In June, Watson was able to diagnose a 60-year-old woman’s rare form of leukemia, after oncologists at the University of Tokyo had puzzled for months over the illness. Watson sifted through 20 million research papers to come up with the proper diagnosis. The entire process took ten minutes.
Data too complex for humans
What makes these machine-learning systems so powerful is their ability to find patterns in datasets too large and complex for human brains to comprehend. In healthcare, where data is plentiful, albeit in practice sparse and poorly connected, the range of possibilities is tremendous. Add in data from digital interactions and it becomes positively dizzying.
One recent project from Microsoft Research Labs showed that search engine logs could be used to pre-empt diagnoses of pancreatic cancer. Another, from new startup HealthRhythms, uses AI in smartphones to track signifiers of bipolar disorder, monitoring everything from movement to speed of typing. “AI is perfect for making sense of the thousands of data points our app collects each day,” says Mark Matthews, HealthRhythms’ co-founder.
Medical imagery is especially amenable to machine-learning. In July, Moorfields Eye Hospital in London announced that it was working with Google’s AI research division, DeepMind, to develop an AI system to spot sight-threatening conditions in digital scans of the eye.
“We’ve millions of scans,” says Pearse Keane, a consultant ophthalmologist at Moorfields, who is leading the study. “But the amount of imaging data is far outstripping our ability as clinicians to derive the maximum benefit from it.” DeepMind’s system will be trained on Moorfield’s library. The study is in its early stages, but Dr Keane is optimistic it will soon be able to identify cases which warrant a referral.
DeepMind, which was acquired by Google in 2014 for $500 million, came to international attention when it’s Alpha Go AI defeated the world champion at the game of Go in March 2016. Now it is turning its attention to healthcare, with the launch in February of DeepMind Health. “In many areas of healthcare there are front-line clinicians saving lives every day using technologies that were developed a decade ago,” says Mustafa Suleyman, DeepMind’s co-founder and head of applied AI. “The margin for impact is unlike any other sector.”
The firm’s first venture into the field – a collaboration with London’s Royal Free NHS Trust to detect acute kidney injury – was marked by controversy, after complaints that the firm had access to private patient data. Mr Suleyman says the row stemmed from a “lack of understanding” about the role DeepMind was playing. “We’re basically at this point plumbers. We’re processing data on behalf of the controller,” he says.
Basic plumbing might seem an odd use of DeepMind’s capabilities, but Mr Suleyman says a great deal of it is necessary before the NHS is ready to reap the benefits of AI outside research projects. “The precursor to that is to build super-secure infrastructure, the likes of which haven’t been seen in healthcare,” he adds.
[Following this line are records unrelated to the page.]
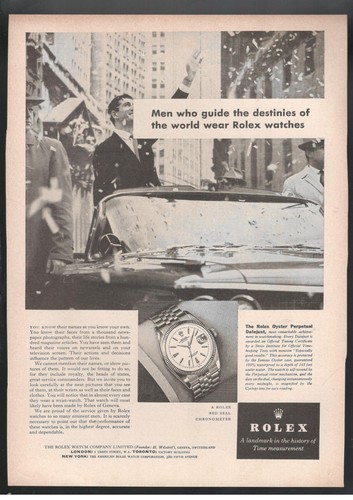 Rolex publicité 1963 montre - publicité,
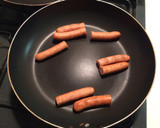 粗挽きソーセージの燻製チーマヨ焼き作り方2写真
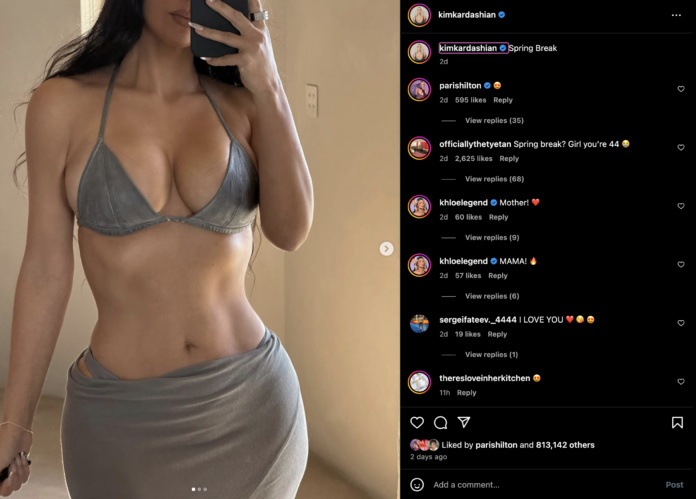 Kim Kardashian Bikini Selfie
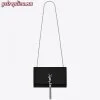 Replica YSL Fake Saint Laurent Lou Camera Bag In White Leather 10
So when will the machines be able to take over? Mr Suleyman frowns. “For as long as I can see forward – more than ten years, maybe twenty years – there is no way a machine-learning algorithm is going to be making those decisions without human oversight,” he says. “In most other areas, humans combined with an algorithm is always the best combination. That’s the paradigm – human-assisted decision-making.” Everyone, meet Olivia. You’ll be spending a lot of time together.